The stock offered a 3% entry yield, a rare opportunity in historical context.


The financial metrics revealed that Grainger was an above-average company, most likely facing temporary headwinds. Mr. Market was quick to write off the firm as Amazon seemed to disrupt its business model. As a reaction, Grainger scaled down the number of stores and ramped up distribution centers to grow their e-commerce business. Management believed their operating margin would decline in 2017 and 2018 but begin to grow again in 2019.

Back then, I wrote: “Given the company’s outstanding relations with its customers and the valuable services it provides, it doesn’t have to be the cheapest to stay alive. While a lot of retailers are currently fighting declining sales and struggling to get rid of their inventories, Grainger’s top line is actually rising each year while the inventory stays virtually unchanged. Demand for the firm’s products is still strong. GWW is the epitome of the selective contrarian buy for me. If you believe its business will not be totally commoditized by Amazon, this is a stock you should definitely own. I foresee an annualized total return between 9-12% in the overly conservative scenarios I examined.”

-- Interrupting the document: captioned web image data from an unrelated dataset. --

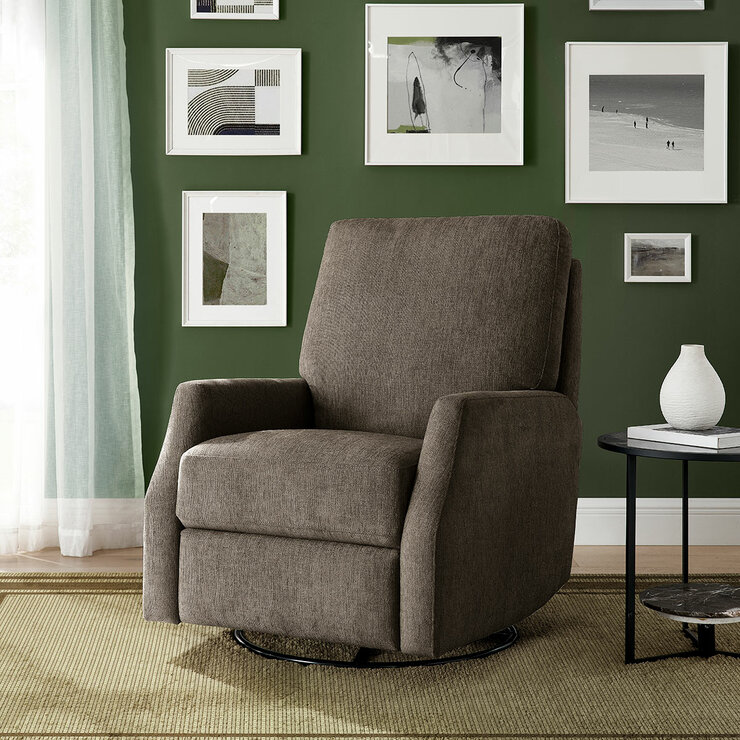 True Innovations, Sillón Reclinable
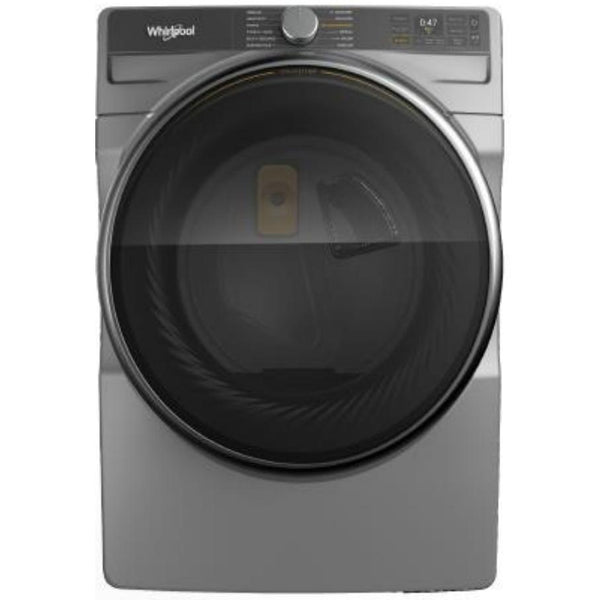 Whirlpool Sécheuse gaz de 7,4 pi cu WGD5720RR - Germain Larivière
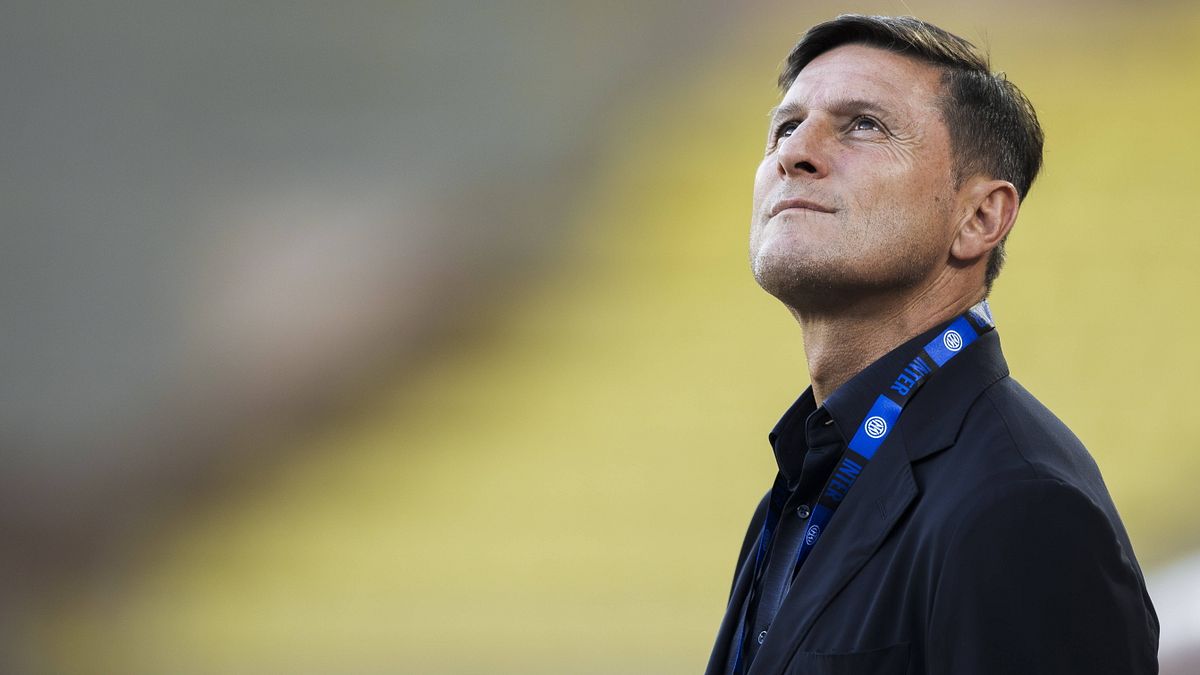 Javier Zanetti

In hindsight, I was way too conservative with that forecast, but better safe than sorry. My short assessment from the August 2017 issue of the newsletter read: “Whenever Grainger offered a starting yield above 3%, the total returns that followed were extraordinary. Coverage ratios are fine, and even with a temporary (?) slowing growth, this stock can be the cornerstone of a portfolio that focuses on reliable dividends.”

The shareholder yield (the sum of the dividend, net buyback, and net debt paydown) sat at 10.0%, making me even more comfortable with this purchase, resulting in a somewhat oversized position.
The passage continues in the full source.